Empresas y finanzas

Europe business activity falls

By Jonathan Cable and Darren Ennis

LONDON/BRUSSELS (Reuters) - Business activity in European countries fell again in March, but the pace of decline slowed as efforts to revive economies took hold and pessimism ebbed after a plan by G20 leaders to kickstart global recovery.

A test of the optimism that followed Thursday's agreement by world leaders on a $1.1 trillion (744.3 billion pound) deal to combat the crisis will come when U.S. unemployment data for March is released later on Friday.

The United States probably continued to bleed jobs at a rapid rate in March, likely pushing up the jobless rate to 8.5 percent.

White House spokesman Robert Gibbs warned on Friday the United States was likely to see another grim jobs report.

"I think it's safe to expect -- without having seen them -- that we'll see additional severe job cuts in America," he said.

U.S. futures pointed to a higher open on Friday, despite forecasts for gloomy jobs data.

Economists have started to see "green shoots" in the U.S. economy after a bleak few months, and the labour market, a lagging indicator, is likely to be one of the last places where an improvement is seen.

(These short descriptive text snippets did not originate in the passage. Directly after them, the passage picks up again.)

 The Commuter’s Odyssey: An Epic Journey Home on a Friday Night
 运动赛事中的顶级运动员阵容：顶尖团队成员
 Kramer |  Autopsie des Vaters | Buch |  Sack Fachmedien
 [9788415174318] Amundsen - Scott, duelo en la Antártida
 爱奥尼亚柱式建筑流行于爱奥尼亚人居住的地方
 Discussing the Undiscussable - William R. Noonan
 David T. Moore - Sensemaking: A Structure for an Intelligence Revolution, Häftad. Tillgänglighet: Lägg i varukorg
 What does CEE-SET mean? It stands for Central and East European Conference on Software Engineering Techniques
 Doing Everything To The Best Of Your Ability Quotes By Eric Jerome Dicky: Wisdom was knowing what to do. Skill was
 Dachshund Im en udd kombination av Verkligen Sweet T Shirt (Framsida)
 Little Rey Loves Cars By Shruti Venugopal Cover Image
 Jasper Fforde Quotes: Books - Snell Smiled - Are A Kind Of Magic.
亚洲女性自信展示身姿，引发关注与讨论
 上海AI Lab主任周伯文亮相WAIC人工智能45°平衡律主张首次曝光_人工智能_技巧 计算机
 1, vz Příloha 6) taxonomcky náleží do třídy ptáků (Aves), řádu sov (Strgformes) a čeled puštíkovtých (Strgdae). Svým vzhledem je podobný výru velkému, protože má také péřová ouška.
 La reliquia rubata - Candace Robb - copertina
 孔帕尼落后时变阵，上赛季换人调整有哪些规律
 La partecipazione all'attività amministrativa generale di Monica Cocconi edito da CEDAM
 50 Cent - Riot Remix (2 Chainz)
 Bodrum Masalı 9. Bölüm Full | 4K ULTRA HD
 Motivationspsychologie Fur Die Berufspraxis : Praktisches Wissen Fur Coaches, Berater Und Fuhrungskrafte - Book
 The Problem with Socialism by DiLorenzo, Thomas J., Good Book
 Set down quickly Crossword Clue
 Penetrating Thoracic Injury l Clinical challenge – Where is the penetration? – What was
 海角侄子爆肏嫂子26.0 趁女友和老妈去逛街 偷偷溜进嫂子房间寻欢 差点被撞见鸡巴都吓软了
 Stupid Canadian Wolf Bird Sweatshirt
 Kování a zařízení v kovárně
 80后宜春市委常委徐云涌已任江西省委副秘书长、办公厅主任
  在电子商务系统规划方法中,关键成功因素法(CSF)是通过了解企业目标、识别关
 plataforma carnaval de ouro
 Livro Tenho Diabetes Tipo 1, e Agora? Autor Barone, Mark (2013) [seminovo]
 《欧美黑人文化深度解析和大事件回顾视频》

In the 16-country euro area, companies also continued to slash jobs to cut costs, driving the Markit Eurozone Composite PMI employment index to a new low of 40.3, down from February's 40.8, a survey showed on Friday.

The euro zone's dominant service sector contracted sharply again in March, but not as rapidly as in February, according to the survey.

"With the rate of decline easing in the final month of Q1, and confidence improving to the highest since Lehman's collapse, there are signs that we may be over the worst," said Chris Williamson at data provider Markit.

EXPECTATIONS

Services business expectations also jumped sharply to a six-month high in March, the survey showed.

France and Italy saw optimism for the year ahead hitting six-month highs while it also picked up to a three-month high in Spain. But German companies remained downbeat on the 12-month outlook, growing more pessimistic.

"Overall, pretty optimistic that the euro area economy's recovery is closer and we can start to argue that the recovery will take place by the beginning of next year," Silvio Peruzzo at RBS said.

European Central Bank Governing Council member Nout Wellink also saw the chance of a pickup, in 2010. Traders cited anxiety ahead of the U.S. jobs data.

Asian stocks rose for a fourth straight day as perceptions of a coordinated global policy response grew after the G20 summit.

The leaders of the world's richest and biggest economies, which account for more than 80 percent of world trade, also agreed to tighten rules on tax havens, hedge funds and credit rating agencies.

The measures agreed would raise world output by 4 percent by the end of 2010, they said, although they were hazy on the amount of stimulus spending to date, with estimates ranging between $2 trillion and $5 trillion.

World Trade Organisation head Pascal Lamy welcomed G20 consensus to avoid protectionism and an agreement to support global trade flow.

"It is a very positive response," Lamy said. "Implementation now is something we will be watching."